Start three days ago. Unfreeze the damn bird. I have it on the authority of the federal government of the United States of America that it takes one day per five pounds to thaw out a turkey.
If that boggles the mind as well as the laws of time, go to the store again and buy a fresh bird, like I did. You have 12 minutes. They close at noon.
Everything up to Putting the Bird in the Oven
Take the plastic wrapper off gingerly. Don’t shred the bird’s skin, unless you want your dish to look like roadkill, in which case you could have saved yourself two trips to the grocery store, already.
This wrapper has valuable cooking instructions to which you will probably need to refer for factual information, poultry poisoning safety tips, and the 800 number of the federal government home economist lady.
Reach down the bird’s throat and take out any little structural parts you find. They will probably not be roaming free but will be in an envelope like the Best Director Oscar winner. Reach up the bird’s … well, between its legs. You know, the other end. See if there are any organs there, and take them out too. Go ahead. This is not a trick.
Giblets look like the illustrations in your seventh-grade science book: Heart. Liver. Gizzard. Neck (not technically an organ). The turkey does not need these anymore, but they will really liven up your gravy and dressing.
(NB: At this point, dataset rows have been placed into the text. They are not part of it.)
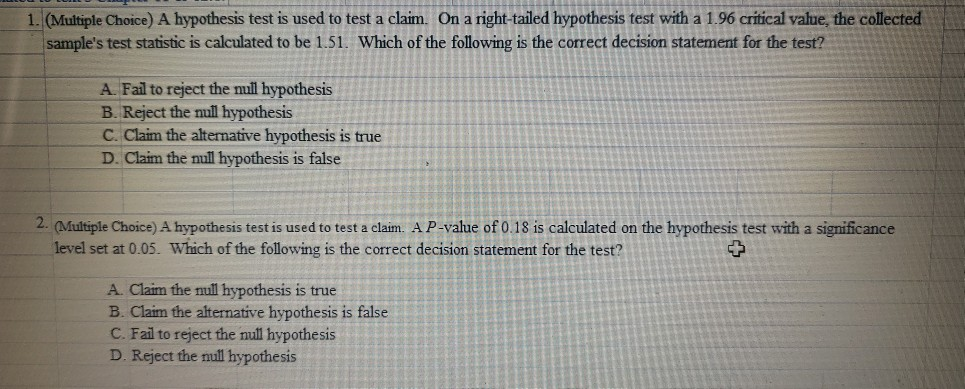 research hypothesis multiple choice questions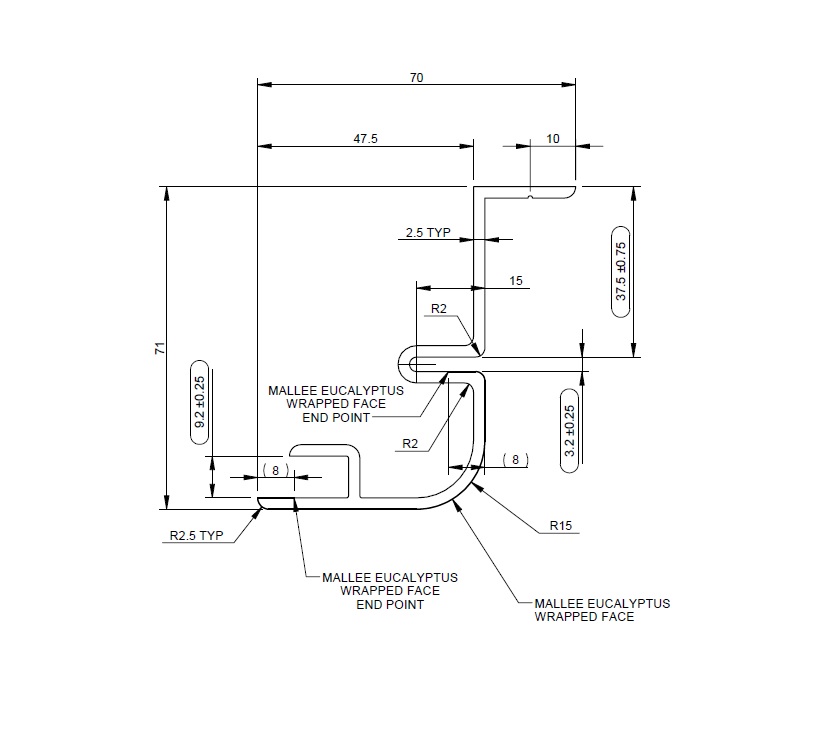 Read more about UN4 Kitchen Socket / Splashback Extrusion 557mm product image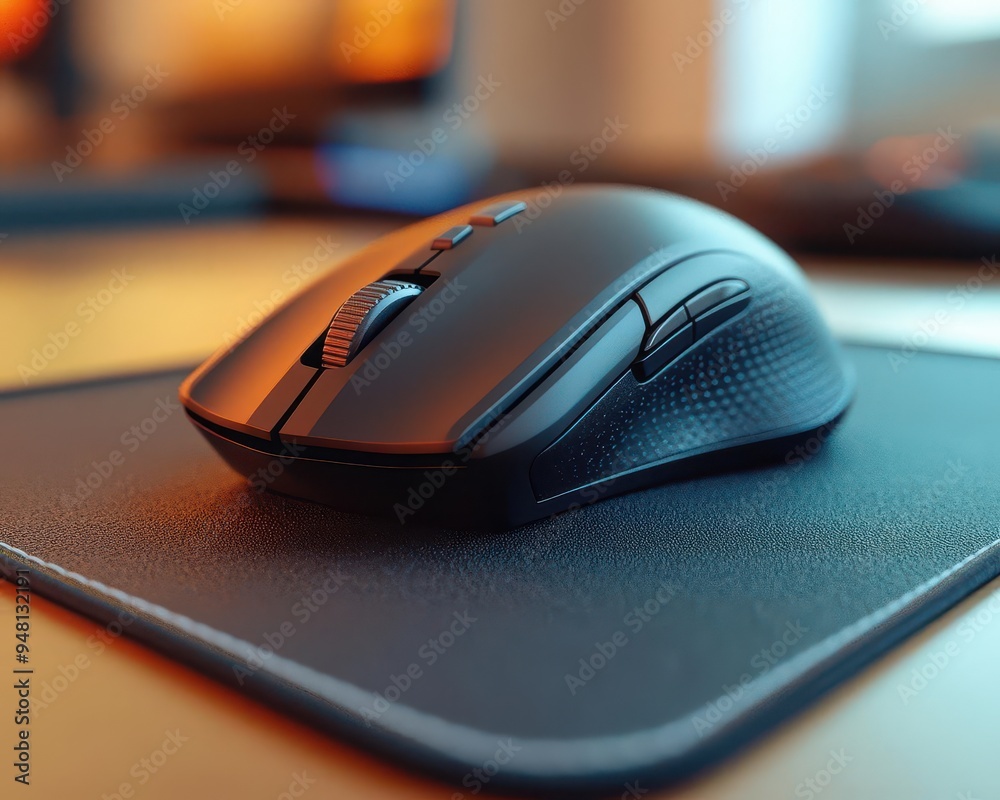 Wireless mouse with a scroll wheel on a mouse pad, ready for use Wireless mouse with a scroll wheel on a mouse pad, ready for use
Put the liver, the whole liver, and nothing but the liver in the fridge.
Put either one of the turkey’s open ends – cook’s choice – up near your kitchen faucet. Turn on the water full blast and give it a rinse. Rinse the outside, too – couldn’t hurt – and pull out any feathers that may have slipped past the fine turkey pluckers. Dry inside and out with paper towels.
My cookbook says, “If desired, rub salt inside the body cavity.” I will not say that I have ever had that desire, but it is probably a good idea, a good “cook-y” thing to do and will make you feel like you are doing something while you are collecting your thoughts, looking at your naked bird.
Yes, in four hours or so, you’ll be eating your little science experiment.
Most of this recipe is magic, with the reasons for many arcane procedures shrouded in our reaction to our mysterious Puritan past, like this next part: You’re going to place some quartered onions and celery inside the bird, through one of its … openings. When the cooking is done, you will throw them away. The Lord given and the Lord taketh away.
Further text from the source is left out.